The results are of the projection are compelling. Although the demand for electricity (assumed from the grid but could also be in part behind-the-meter microgrid generation) increases 45%, because the electricity is decreasing in emissions intensity over time with more wind and solar generation, emissions are overall reduced by 75% through replacement of oil and coal.
Can this be delivered at costs that are competitive and affordable to the consumer? Yes.
While the installation costs of a ground source heat pump are higher than a natural gas boiler, the key driver of the lifetime cost (or levelized cost of energy, LCOE) is the price differential between natural gas and electricity. More on this issue in part 2, but the big point out for now is that currently in the UK electricity bears a much higher – more than 50 times higher – environmental and social obligation levy than gas. The graph above shows the impact of redistributing the 1.5p/KWh of the levy, currently added to electricity in Northern Ireland, to gas and oil. In the left-hand columns of each energy source is the LCOE for the system at current residential pricing of oil, gas and electricity. In the right-hand column is the equivalent LCOE with the environmental and social levy redistributed to gas and oil and deducted from electricity (think: a version of carbon pricing). With this equilibration of fuel/power costs the geothermal solution is now a third less in LCOE terms compared to natural gas, as well as one tenth the emissions.

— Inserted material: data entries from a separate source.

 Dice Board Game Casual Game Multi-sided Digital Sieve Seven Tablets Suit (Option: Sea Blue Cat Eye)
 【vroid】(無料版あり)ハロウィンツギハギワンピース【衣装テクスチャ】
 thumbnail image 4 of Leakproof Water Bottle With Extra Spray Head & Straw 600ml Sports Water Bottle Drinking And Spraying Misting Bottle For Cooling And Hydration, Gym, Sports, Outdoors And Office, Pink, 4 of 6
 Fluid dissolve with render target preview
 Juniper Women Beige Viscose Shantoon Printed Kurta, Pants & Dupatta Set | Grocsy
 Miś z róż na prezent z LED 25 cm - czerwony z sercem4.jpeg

Industrial processes and large buildings
CAUSEWAYGT is focused on using geothermal energy to decarbonise heating and cooling of large commercial facilities and industrial processes. In the model depicted above for industrial heat in Northern Ireland, we have taken a similar approach as residential to the projection to 2030. We first grew industrial capacity by 5% but improved efficiency by 25%. Then we replaced oil and coal combustion with 25% biofuels and 75% geothermal heat pumps. We’ll get into the technology hurdles some more in part 2, but the simple assumption we made is that biofuels would be retained for the highest temperature processes (>150 ºC, there may be a role for hydrogen here too as an energy vector), and geothermal heat pumps would take care of the rest. Currently, geothermal technology is more than able to deal with heating and cooling below 80 ºC, even for tens of MW scale. CAUSEWAYGT is working hard on the development and deployment of technology that will deliver up to 140 ºC process heat and steam from modest geothermal sources.
Like residential heating, the prize in industry and commercial is large. We can decarbonise heat using Northern Ireland’s locally sourced energy resources in cost competitive ways that also increases energy security by relieving dependency on foreign, imported fossil fuels.
The benefits to Northern Ireland and other regions and countries that take this approach go beyond meeting emissions targets. Northern Ireland has the natural resources and the human capital to underpin the deployment of an affordable, clean and secure energy system. Not only the construction and operation of such a system be a boost for local employment, an economy underpinned by such an energy system will be attractive to outside investment from companies keen to decarbonise their whole operation and supply chain including their energy.